Sea Containers, the owner of the inter-city rail operator GNER, confirmed yesterday that it has filed for Chapter 11 bankruptcy protection, raising fears over the future of its east coast mainline service and the group's under-funded pension scheme.

The company admitted for the first time that its two main pension schemes, which have a combined deficit of £133m, may have to be wound up and put into the Pension Protection Fund.

There are about 1,300 members in the two schemes. Active members are no longer earning accruals while retired members were told that there would be no change to the benefits they are receiving "at this stage".

GNER is not among the subsidiaries that have been put into Chapter 11 and its employees belong to a separate railways pension scheme. Sea Containers sought to reassure the GNER workforce that it was "business as usual" and that train services would operate normally.

However, Bob Mackenzie, the chief executive of Sea Containers, admitted that the head count would need to come down as GNER sought to combat rising costs and lower-than-expected revenues.

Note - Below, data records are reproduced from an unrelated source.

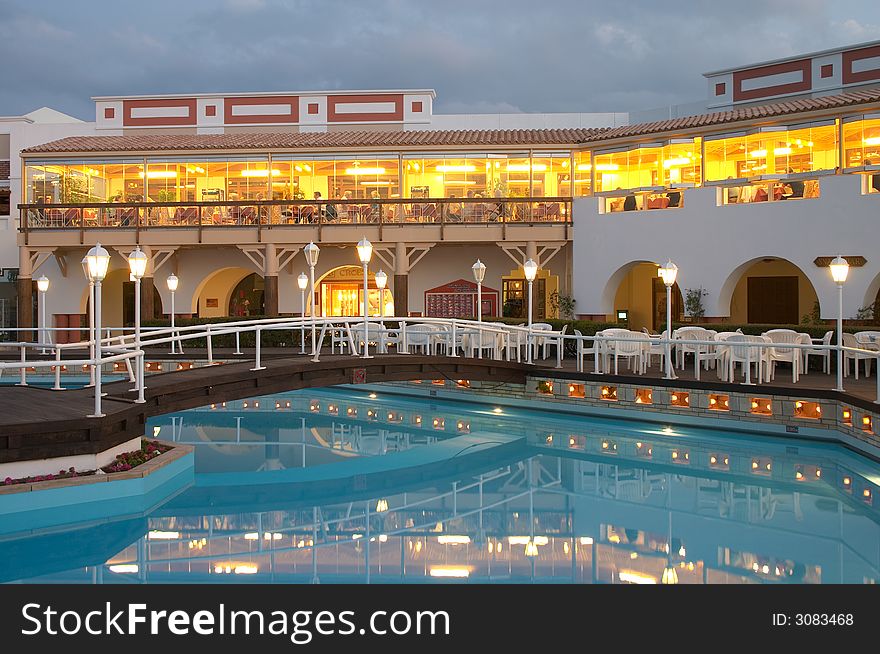 Restaurant and swimming pool with foot bridge in resort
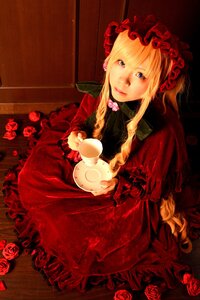 Rating: Safe Score: 0 Tags: 1girl blonde_hair blue_eyes bonnet cup dress flower gothic_lolita holding_cup lips lolita_fashion long_hair looking_at_viewer red_dress red_flower red_rose rose shinku sitting solo tea teacup User: admin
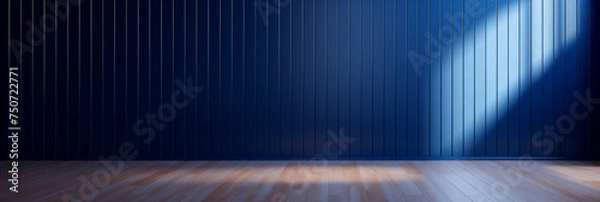 Fototapeta empty room with blue wall , wooden floor and spotlight,dark blue corrugated wall background with shadow sunlight. A bright blue room with a warm wooden floor and modern vertical blinds.. banner design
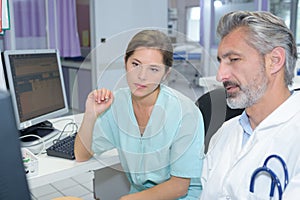 Female doctor with male nurse working at nurses station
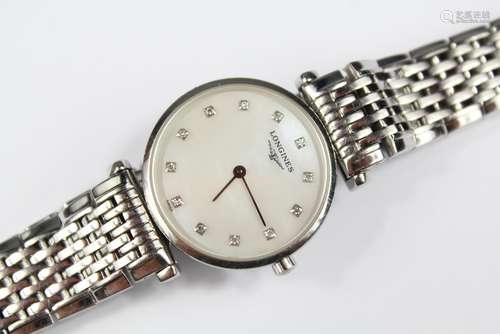 A Lady's Longines La Grand Classique Stainless Steel Bracelet Watch, the watch having a white enamel face with diamond batons, on the original Longines bracelet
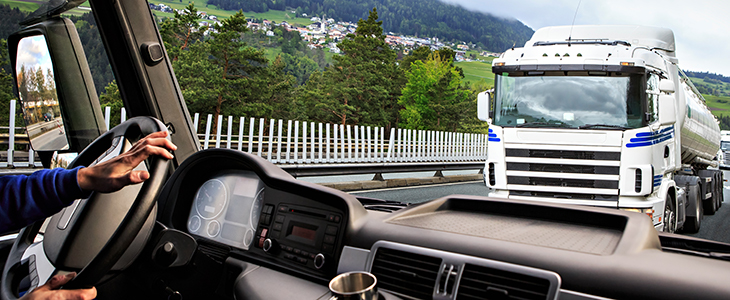 a truck is visible from another trucks interior front windshield in a clean environment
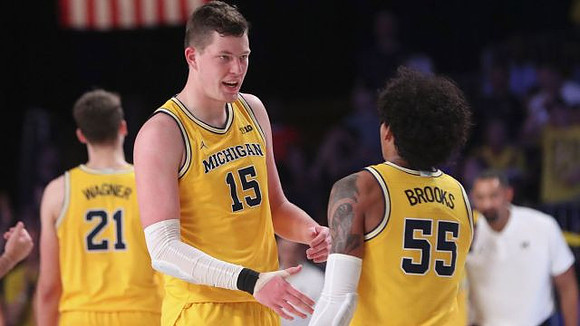 Franz Wagner (21), Jon Teske (15), and Eli Brooks (55)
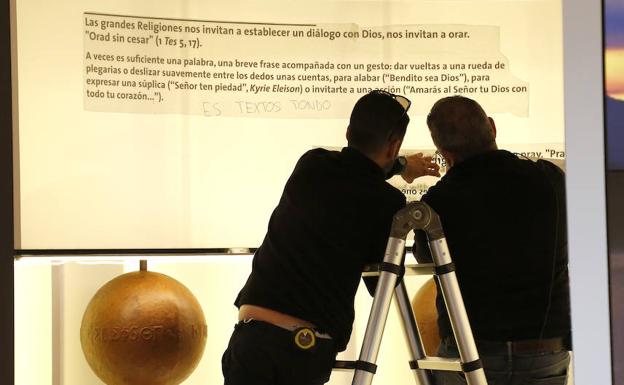 Dos operarios ultiman los remates de la exposición.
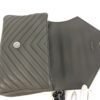 Flap opened flat from the front showing the snap placement
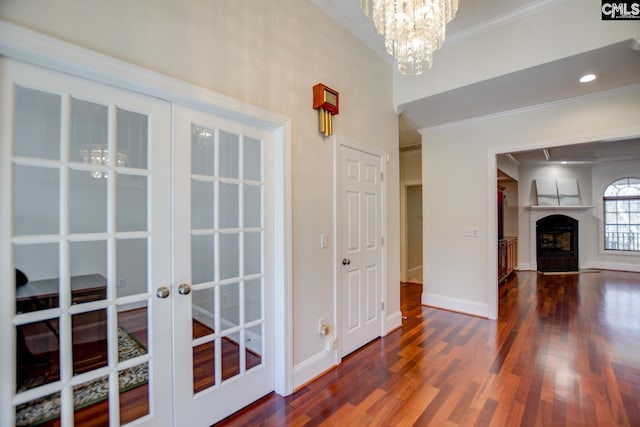 interior space with wood finished floors, french doors, baseboards, and ornamental molding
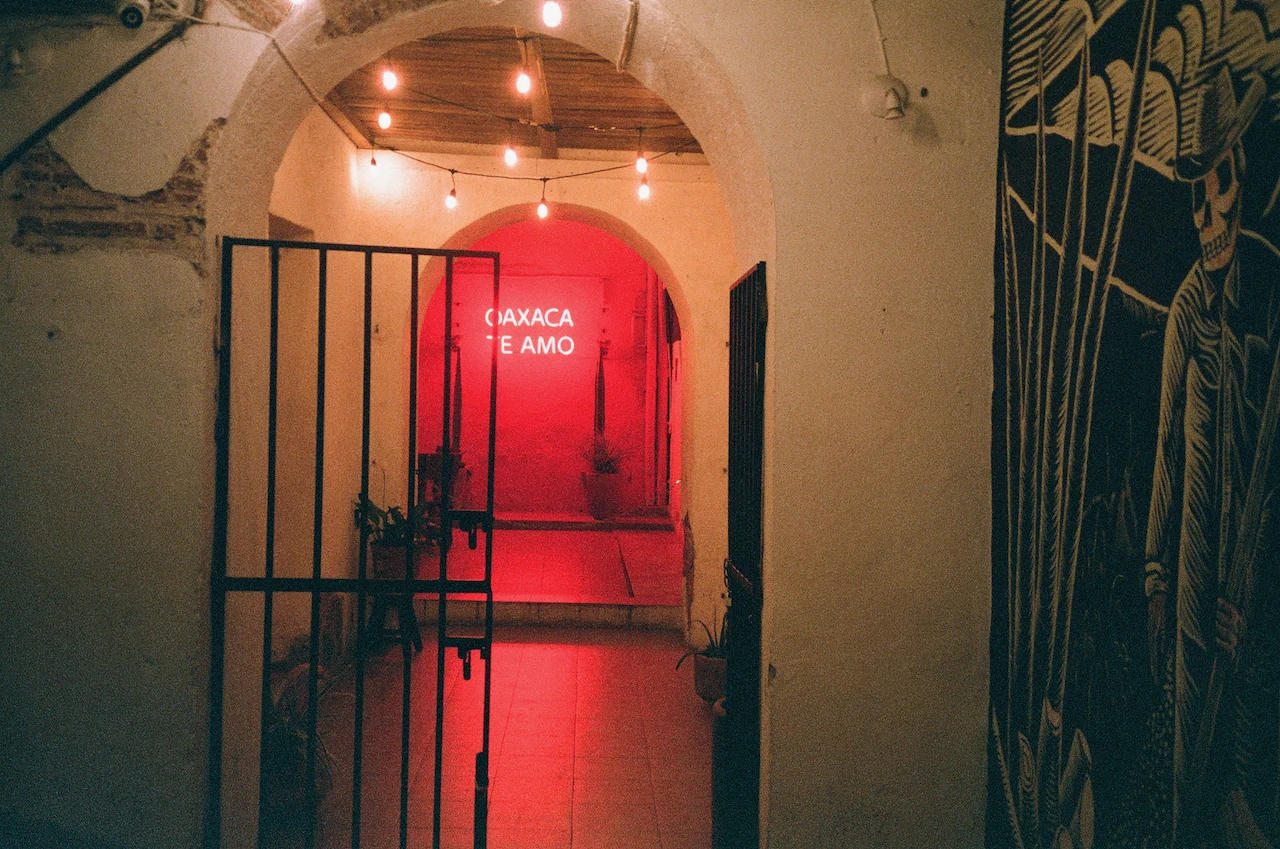 A vivid red doorway glowing at the end of a narrow passage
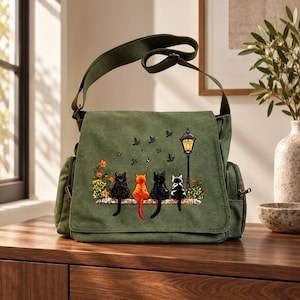 May include: An olive green canvas messenger bag featuring a printed graphic of four cats sitting on a ledge next to a lit street lamp. The cats are black, orange, black, and black and white. Small birds are flying above the cats near the lamp.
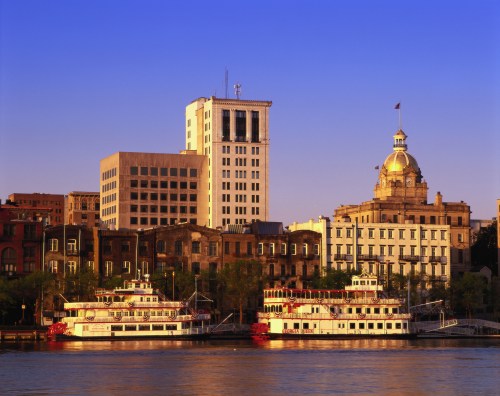 Two historic riverboats docked along a waterfront, with city buildings and a clear blue sky in the background.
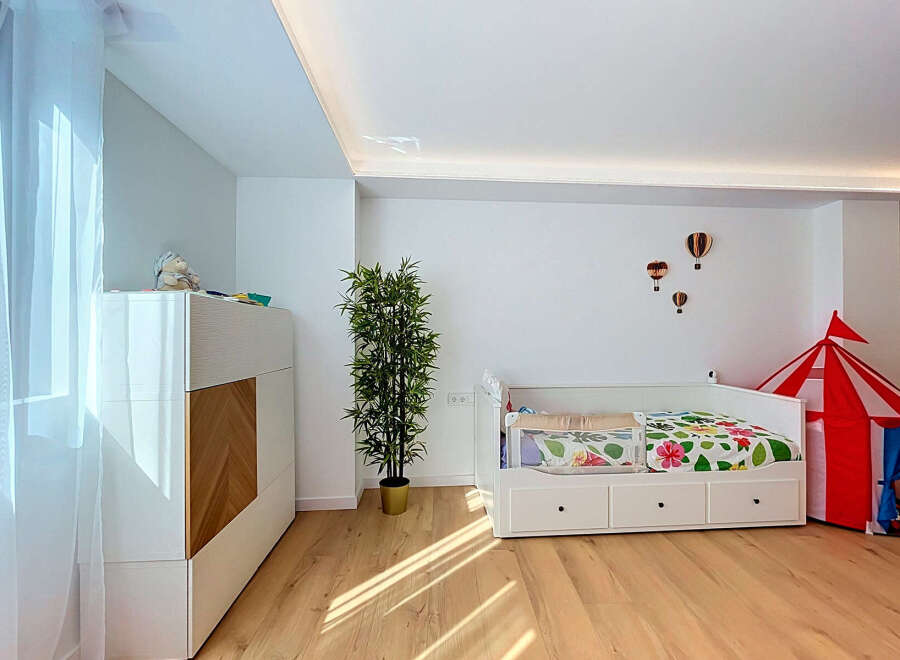 This charming children's room features a comfortable white daybed with colorful floral bedding, perfect for a child's sanctuary.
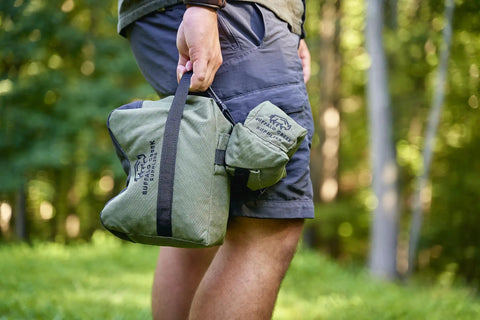 Person holding All Weather Front And Rear Shooting Bag Combo For Target Practice And Bench Rest Use Durable Olive Drab Bags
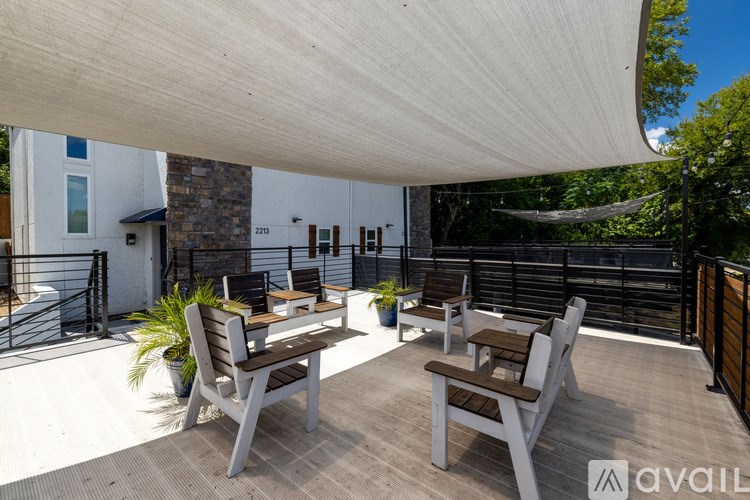 Two chairs are on a wooden deck under a white canopy.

Amid fears that 300 jobs could be axed, the Transport and Salaried Staffs Association, which represents ticket office staff, warned of industrial action.

Gerry Doherty, the general secretary of the white collar rail union TSSA, said the cuts had nothing to do with the Sea Containers financial situation and more to do with GNER's "unrealistic bid" to retain the franchise.

Bob Crow, the general secretary of the RMT transport union, urged the Government to block any sacrifice of GNER jobs and warned that redundancies would be resisted. "Our first priority remains to ensure that our members' jobs and the services they provide are not sacrificed simply to enable a privateer based in Bermuda to dig itself out its financial crisis," he said.

Sea Containers filed for protection from its creditors in the US bankruptcy courts on Sunday after failing to repay a $115m (£61m) bond. The company has debts of $650m and $67m of free cash. The bulk of the debt is held by bondholders who are owed $384m.

Mr Mackenzie admitted that the under-performance of GNER had exacerbated the group's financial position. Sea Containers bid £1.3bn in 2005 to retain the east coast mainline franchise, since when revenues have undershot and costs have massively exceeded forecasts. "We cannot get away from the fact that we overbid for it but it is certainly not our intention at this point in time to give up the franchise," Mr Mackenzie said.

He declined to blame his predecessors, the Sea Containers founder James Sherwood and Christopher Garnett, the former chief executive of GNER, but criticised the present franchise system for encouraging train operators to bid too high. "The pendulum has probably swung too far in the wrong direction when you are looking at returns of just 2.75 per cent on what is a pretty risky business," he said.